J’ai trente cinq ans. Je suis un chercheur français et non-Juif. J’ai ouvert le journal en ce jour où l’on découvrait que la France avait livré des armes à l’Etat Juif sans discontinuer. Et c’est sur Paul Bernard que je suis tombé. Haut fonctionnaire, il m’expliquait le malheur d’être un Juif en France. Alors, il fallait que je lui dise comment il m’avait rendu antisémite.
Mes parents ne m’ont transmis aucune haine à l’égard des Juifs. Ni eux, ni l’école. Ils m’ont fait lire Elie Wiesel et Primo Levi. Ils m’ont dit que « juif » était une religion et que cela n’avait rien à voir avec Israël. Ils ne m’ont pas appris à reconnaître un Juif ni ne m’ont dit que certains noms étaient Juifs. L’histoire des Juifs de France, de leurs contributions et de leurs complicités, ils ne me l’ont pas enseignée. Et même mes amis Juifs, ce n’est qu’aujourd’hui que je les découvre Juifs.

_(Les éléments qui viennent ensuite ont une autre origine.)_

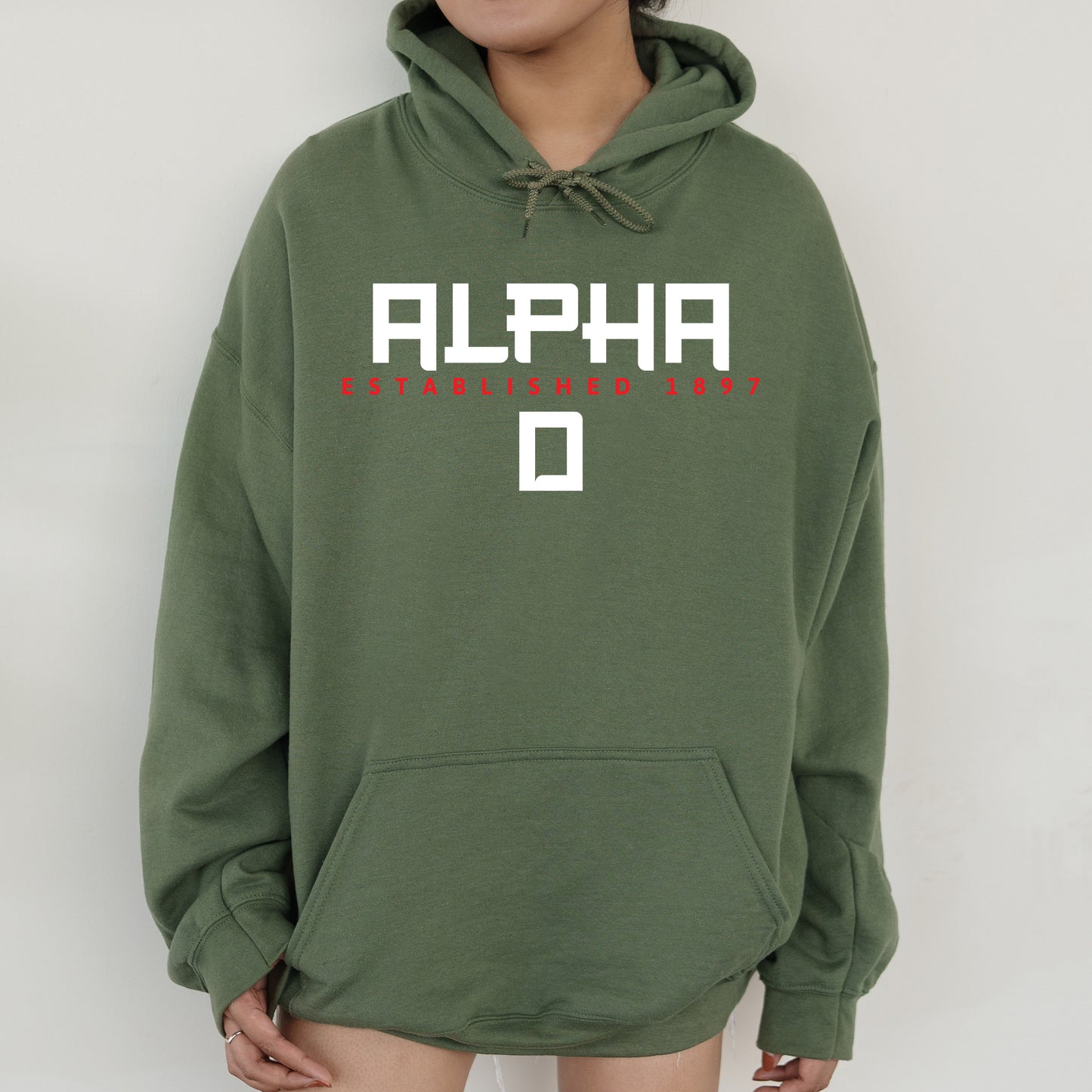 a person wearing a green hoodie with the word alphi on it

Je suis devenu antisémite parce que tout le récit est Juif. L’historiographie épargne les Juifs, les journaux louent les Juifs, les intellectuels sont subjugués par les Juifs. L’indignation pleut sur tout ce qui n’est pas Juif et les rancœurs sont attisées partout sauf à l’égard du Juif. Lorsque des Juifs tuent, c’est l’antisémitisme qui inquiète. Lorsque des Juifs mentent, c’est pour se protéger des antisémites. Lorsque l’on s’oppose à un Juif, c’est parce qu’on le jalouse. Je ne cherche pas d’intention derrière tout cela, peut-être qu’il n’y en a pas, mais je ressens le résultat comme une haute forme d’injustice.

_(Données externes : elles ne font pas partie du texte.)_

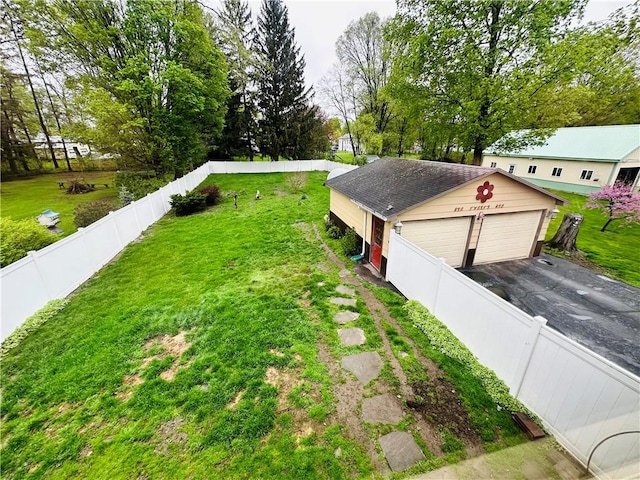 121 E William St, Bath, NY 14810 - exterior space featuring a lawn, an outbuilding, a garage, and a fenced backyard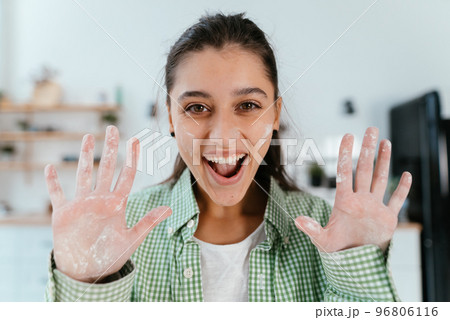 Young woman shows her hands in flour in the kitchen Young woman shows her hands in flour in the kitchen 96806116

Je suis devenu antisémite parce que le chaos de mon monde est Juif. L’Irak, la Lybie, la Palestine, l’Iran. Des intellectuels voudraient que l’on n’y voie que l’impérialisme atlantique. Et pourtant, tout est Juif avant d’être atlantique dans ces guerres qui nous empoisonnent et sèment la haine entre nous et le monde musulman : du motif, Israël, aux idéologies néoconservatrices qui les ont soutenues dans les pays occidentaux. Je ne me laisserai plus avoir par ceux qui me servent sur un plateau les têtes des quelques complices, hier Bush et Sarkozy, demain Netanyahou, pour faire oublier leur responsabilité collective.
Je suis devenu antisémite alors même que j’admire les Juifs, que je suis conscient de leur colossal apport intellectuel et scientifique, alors même que je mesure que sans eux il n’y aurait pas de France puissance au XXième siècle. Je n’aime pas cette France puissance et je crains par-dessus tout l’Europe puissance que l’on veut construire au-dessus. Je rêve d’une Europe des peuples qui se rencontrent, pas d’une Europe impérialiste qui s’ignore.

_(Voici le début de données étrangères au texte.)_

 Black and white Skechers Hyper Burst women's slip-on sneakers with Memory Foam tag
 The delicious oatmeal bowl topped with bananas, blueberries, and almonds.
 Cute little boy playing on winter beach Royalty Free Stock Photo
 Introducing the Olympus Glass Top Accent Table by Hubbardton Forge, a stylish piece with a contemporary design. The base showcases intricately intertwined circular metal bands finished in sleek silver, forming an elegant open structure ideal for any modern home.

Je suis devenu antisémite parce que le sain iconoclasme qui m’a retenu d’adorer Napoléon, Ferry, Jaurès, ou De Gaulle, qui m’a montré les ombres de leurs lumières, a trop épargné les Juifs. Où était-il quand il fallait exposer le suprémacisme culturel de Léon Blum ou de Simone Veil ? Quand il fallait nous enseigner le soutien de Mendès-France à l’Algérie française ou ses liens avec un Israël qu’il a armé, une fois président du conseil, en fusils et en avions ? Les statues Juives trônent intouchables au centre de la République, nouveaux flambeaux de l’impérialisme moral. Derrière elles, des mots vides : Etat de droit, démocratie libérale, Science, République. Des coques. Brûlons aussi les icônes Juives !
Je suis devenu antisioniste parce que le sionisme est suprémaciste, romantique, colonial et civilisationniste. Il commence rêve d’émancipation et d’auto-détermination, il devient machine d’oppression et de propagande. Il envoûte les esprits de son peuple en chantant la gloire et les martyrs. Il n’a pas maté les nationalismes occidentaux, il les a assimilés ! Voyez comme on retrouve chez lui les jeux et les transactions froides de l’Angleterre impérialiste, le civilisationnisme républicain français, le racisme du nationalisme allemand, l’impitoyable conception américaine de l’intérêt national.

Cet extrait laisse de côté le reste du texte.